Religious tolerance is obviously different from ethnic tolerance - it's about beliefs and ideas more than physical appearance. While you can tell by looking at my photo that I'm of European heritage (although the rapidly advancing gray probably helps disguise the Celtic influences that the formerly red hue betrayed), you can't tell what church I go to just by looking at me.

Not knowing my faith, would you be comfortable mocking one faith over another?

Obviously, many of us in this area are extremely comfortable mocking others' faiths, if we're to judge by comments posted on our Web site, nctimes.com. In the cross hairs the past few months has been the Catholic church. My Catholic church, in the interest of full disclosure.

From the Minutemen protesting a parish in Fallbrook to ongoing negotiations over the San Diego diocese's culpability in molestation by priests, the Catholic faith has been besieged by comments that reflect more the prejudices of those making them than they do the church itself.
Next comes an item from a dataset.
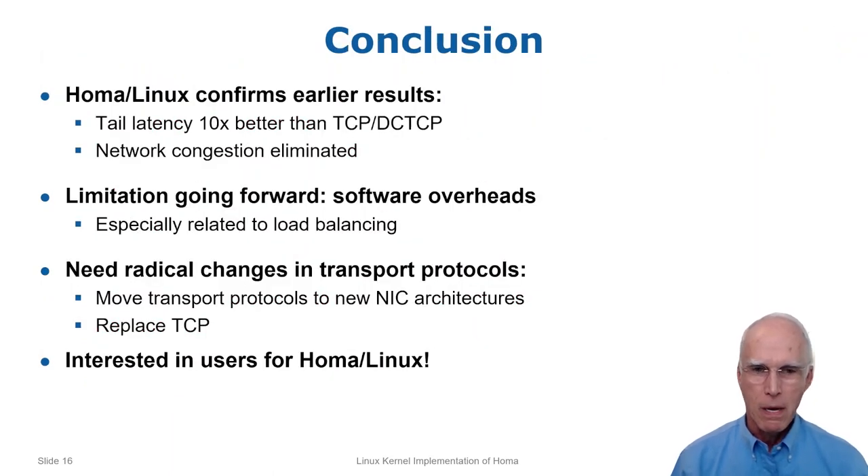To wrap up: HOMA Linux provides dramatically better performance than TCP and DCTCP, confirming earlier results. HOMA eliminates congestion as a significant performance concern, but it exposes a new problem — software overheads — and eliminating these is the next challenge. If we want high performance data center networking in the future, transports need to move to the NIC and we need to get beyond TCP. I'm very interested in working with anyone who'd like to try out HOMA Linux, especially if this could lead to production use. Thanks for your attention.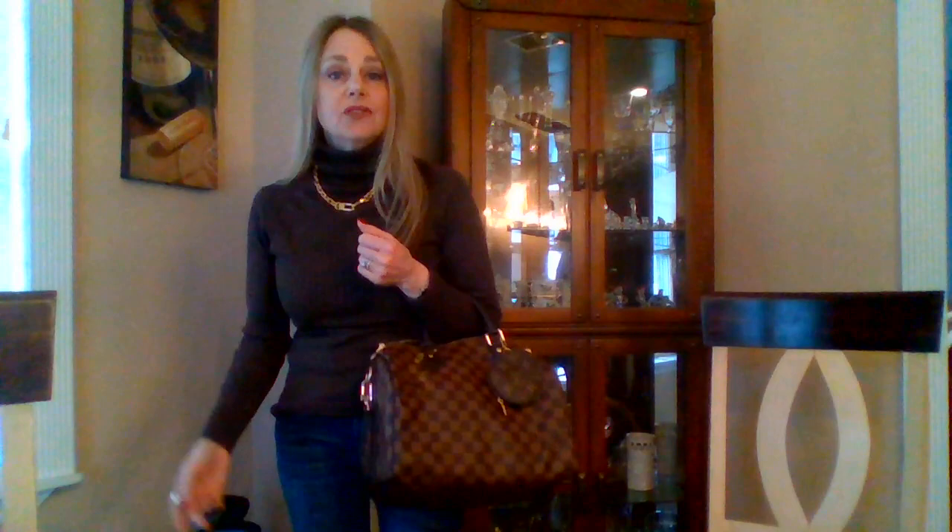Good morning guys! I figured I'd do some mod shots first. This is the bag I chose for the bag of the week challenge. Today is Sunday, it's about 7:30 in the morning. I carried this from last Monday all week at work, all day yesterday, and today I'm going to change out because I cannot use it today. This is the Louis Vuitton Speedy DE in the 30.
Many - probably most - of the comments on our site criticizing the church have targeted things that are fair game, even in a free and open society that values freedom of conscience.

But a disturbing amount of the rhetoric directed at the Catholic church has betrayed a fundamental lack of respect for Catholic views and institutions.

One comment posted on a recent Times article about the protests against St. Peter's in Fallbrook (tinyurl.com/yrm39s) read, "The Catholic church helps itself by extorting money from the poor, protecting its pedophile priests and now breaking U.S. immigration laws." And in Tuesday's article about the ongoing hearings regarding the lawsuits against the local diocese for alleged molestations (tinyurl.com/33qjof), another reader commented, "The Catholic Church is a cult formed by the Pagan Constantine and always will be."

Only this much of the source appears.